● **Exercise requirements**
Take the lines below beginning at the line that has "Vintage 1950s Sexy" and stopping after the line that has "Rona Grey 2", and print them exactly as they are, with no other lines.

● **Source records**
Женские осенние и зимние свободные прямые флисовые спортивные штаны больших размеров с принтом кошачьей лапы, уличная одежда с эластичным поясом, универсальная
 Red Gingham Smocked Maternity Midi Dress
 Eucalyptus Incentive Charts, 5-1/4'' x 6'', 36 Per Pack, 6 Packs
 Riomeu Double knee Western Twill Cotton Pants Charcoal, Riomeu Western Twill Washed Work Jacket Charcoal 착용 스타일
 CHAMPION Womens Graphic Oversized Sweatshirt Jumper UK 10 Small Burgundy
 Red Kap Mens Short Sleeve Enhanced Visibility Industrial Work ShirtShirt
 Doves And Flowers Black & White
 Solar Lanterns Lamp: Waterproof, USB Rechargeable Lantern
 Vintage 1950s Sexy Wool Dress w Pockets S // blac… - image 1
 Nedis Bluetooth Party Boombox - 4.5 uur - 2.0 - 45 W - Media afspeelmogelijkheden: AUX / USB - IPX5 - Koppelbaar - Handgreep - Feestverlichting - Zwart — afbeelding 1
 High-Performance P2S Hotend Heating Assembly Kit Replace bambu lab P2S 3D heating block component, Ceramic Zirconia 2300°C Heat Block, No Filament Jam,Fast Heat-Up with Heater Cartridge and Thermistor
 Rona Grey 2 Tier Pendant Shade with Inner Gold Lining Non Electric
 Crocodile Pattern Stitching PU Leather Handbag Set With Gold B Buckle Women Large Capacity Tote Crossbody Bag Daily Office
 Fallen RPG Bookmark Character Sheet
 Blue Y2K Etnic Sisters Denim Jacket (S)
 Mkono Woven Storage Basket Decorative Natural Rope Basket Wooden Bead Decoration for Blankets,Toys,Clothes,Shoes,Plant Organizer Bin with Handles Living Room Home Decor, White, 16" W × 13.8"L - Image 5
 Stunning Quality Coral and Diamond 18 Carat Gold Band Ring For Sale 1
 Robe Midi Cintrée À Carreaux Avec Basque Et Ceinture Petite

● **Response**
 Vintage 1950s Sexy Wool Dress w Pockets S // blac… - image 1
 Nedis Bluetooth Party Boombox - 4.5 uur - 2.0 - 45 W - Media afspeelmogelijkheden: AUX / USB - IPX5 - Koppelbaar - Handgreep - Feestverlichting - Zwart — afbeelding 1
 High-Performance P2S Hotend Heating Assembly Kit Replace bambu lab P2S 3D heating block component, Ceramic Zirconia 2300°C Heat Block, No Filament Jam,Fast Heat-Up with Heater Cartridge and Thermistor
 Rona Grey 2 Tier Pendant Shade with Inner Gold Lining Non Electric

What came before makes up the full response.